# Distributed Finite State Machines in FTL
**Author**: @aat
<!-- Status of the document - draft, in-review, etc. - is conveyed via labels -->
## Description
FTL's ability to compose functions lends itself well to defining both distributed workflows and FSM's.
This document deals with an initial implementation of FSM's.
:::info
What is the difference between FSM's and workflows? To quote [this](https://workflowengine.io/blog/workflow-engine-vs-state-machine/) page:
> In a workflow engine, transitioning to the next step occurs when a previous action is completed, whilst a state machine needs an external event that will cause branching to the next activity. In other words, state machine is event driven and workflow engine is not.
:::
## Goals
- Support DFA's only
## Non-goals
- We will not support workflows initially
- We wil not support NFA's initially - it would be more complex to reason about, but support can be added in the future relatively simply.
## Prerequisites
1. This design requires support for [leases](https://github.com/TBD54566975/ftl/issues/1300) to prevent duplicate execution.
2. Support for [retries](/Cbvh60deTPiW6p8B9op9JQ).
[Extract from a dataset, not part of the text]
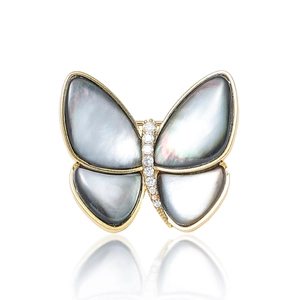 Macro view of butterfly brooch with dark shell wings, gold plating and zircon body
3. It also benefits from [sum types](https://github.com/TBD54566975/ftl/issues/1248) to allow multiple events to transition into a single state.
## Design
Given an FSM is a set of transitions in the form `(from, event, to)` we can model each state as a function, and the event as the input to the `to` function. As an example, given these verbs:
```graphql
verb from(From) Unit
verb to(To) Unit
```
The transition would be `(from, To, to)`. That is, when an event of type `To` is received when in state `from`, a transition would occur to state `to`.
FSMs will be defined in code (see below), and represented in the schema (also below).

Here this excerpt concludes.